■ Problem description: Without including any images, repeat the data exactly.

■ Data below:

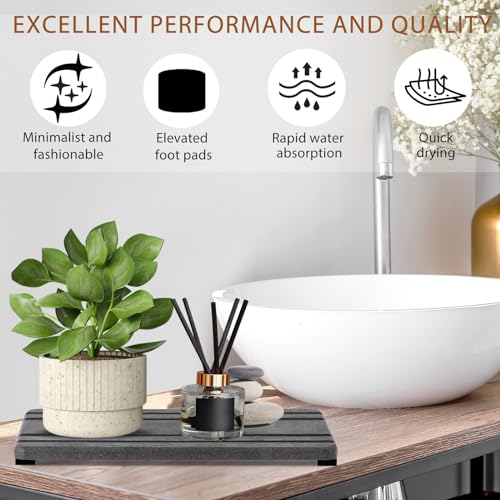 3PCS Water Absorbing Stone Tray (1pcs 21×10cm + 2pcs 10×10cm Dark Gray Stripe)
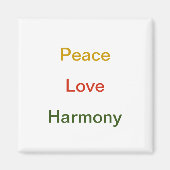 Peace Liebe Harmony Rot grün Magnet (Vorne)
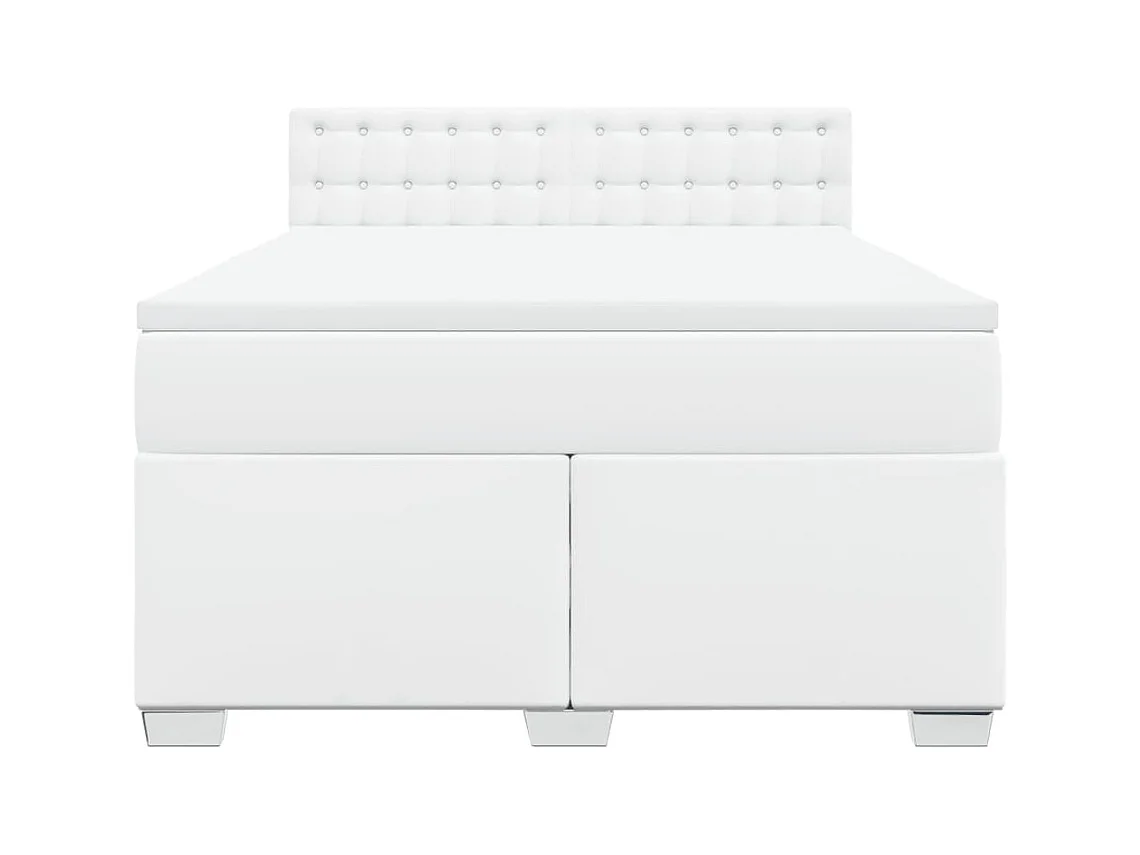 Sommier à lattes de lit avec matelas Blanc 140x190cm Similicuir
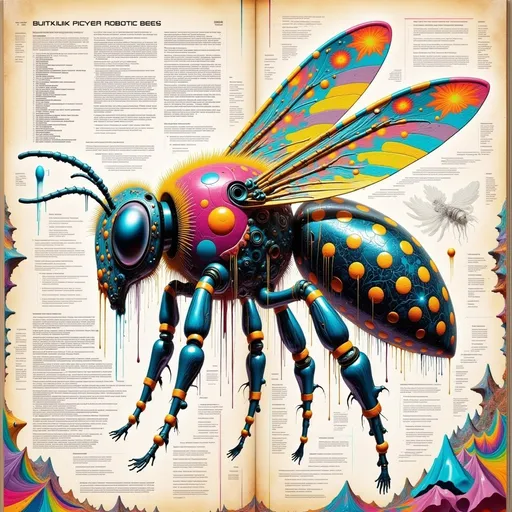Prompt: Diagram about robotic bees; including explanations and notes; lots of scribbles; looks like a page of a school book; vintage sci-fi; sovjet style; biomechanical cyberpunk; biomechanical animals; dystopian feeling; futuristic; neon colours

■ Solution to this exercise:
 3PCS Water Absorbing Stone Tray (1pcs 21×10cm + 2pcs 10×10cm Dark Gray Stripe)
 Peace Liebe Harmony Rot grün Magnet (Vorne)
 Sommier à lattes de lit avec matelas Blanc 140x190cm Similicuir
Prompt: Diagram about robotic bees; including explanations and notes; lots of scribbles; looks like a page of a school book; vintage sci-fi; sovjet style; biomechanical cyberpunk; biomechanical animals; dystopian feeling; futuristic; neon colours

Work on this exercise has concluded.